The accident-prone MiG’s have been crashing repeatedly and have been termed “flying coffins” by several defense experts as they have been living way past their lives but due to depleting squadrons numbers of fighter planes, IAF continues to operate around 100+ upgraded Mig-21Bis that were manufactured in the mid-’80s since they are yet to complete their Total Calendar Life or Total Technical Life.

Since 2000, IAF has lost around 82 Mig-21 variants alone contributing to 53% of all crashes that were recorded in this period for the fighter jets in the IAF and more than 400 MiG 21s have crashed since the 1970s and many of them were due to technical snags. Due to its accident-prone nature of the Mig-21, IAF now has restricted these jets to be flown by senior-ranked pilots in the force. In the second crash that happened in March this year, Group Captain Ashish Gupta who was posted with the Tactics and Air Combat Development Establishment where fighter pilots are given operational training lost his life in Mig-21 crash.
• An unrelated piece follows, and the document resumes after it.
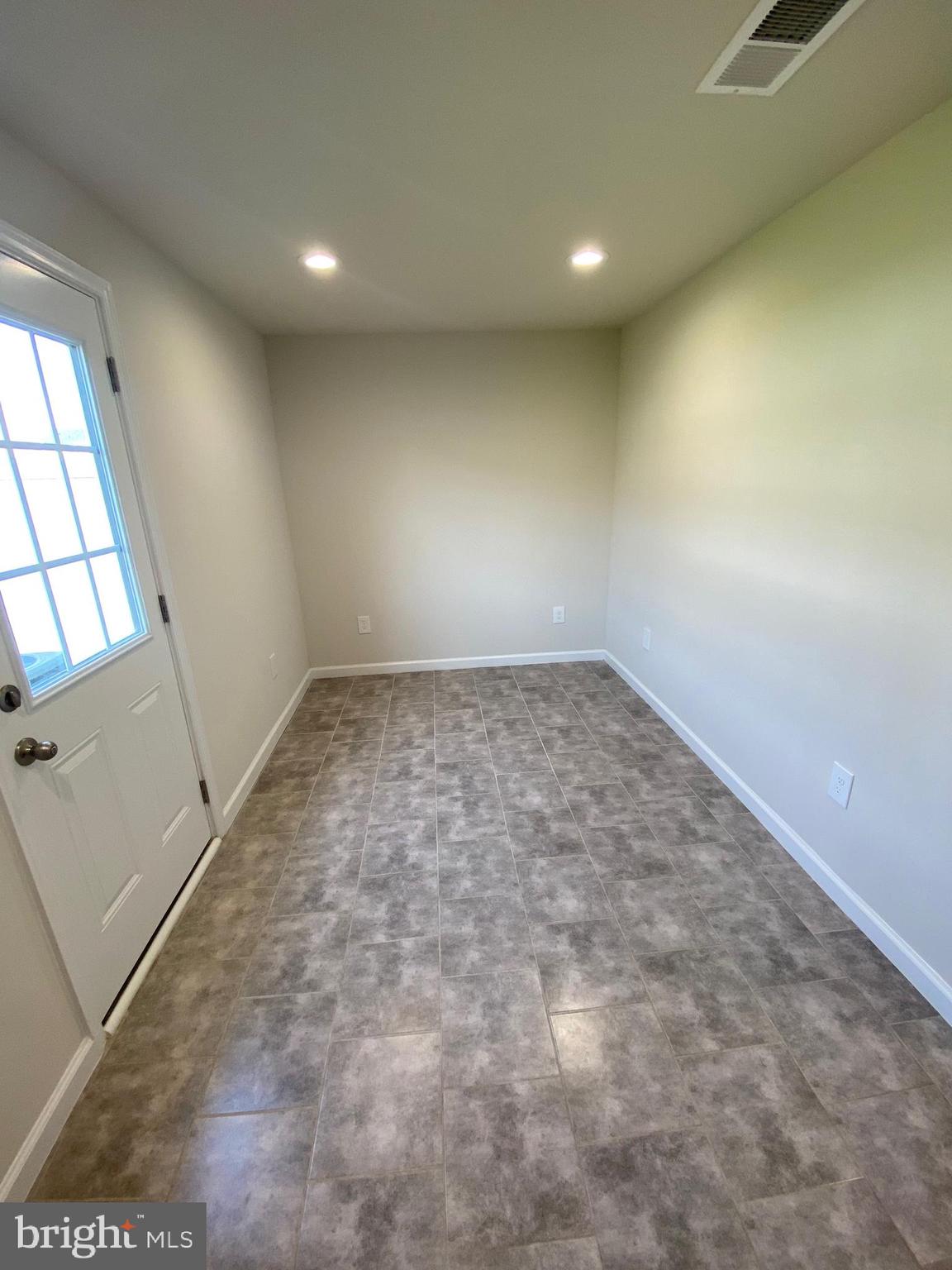 THE LAKES AT MARTINSBURG - Residential Lease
Loss of trained manpower that too with years of flying hours behind them is a loss that can’t be replaced easily and yet IAF continues to fly them. MiG 21s will soon be replaced with Light Combat multirole Tejas aircraft, which is being designed indigenously and developed by HAL (Hindustan Aeronautics Limited) but slow ordering process and lack of production capability mean, IAF will be limited to just 2 squadrons of Tejas Mk1 before upgraded Tejas Mk1A starts arriving in 2024 in large numbers, but still it will take another 5-6 years before HAL can deliver all 83 jets that were ordered recently.

IAF in hopes of not jeopardizing its Rafale obsession delayed procurement of Tejas Mk1A and gave priority to the procurement of 36 Rafale when for the same price, IAF could have got close to 100 Tejas that could have replaced all the Mig-21s that it continues to fly due to lack of its replacement a few years ago.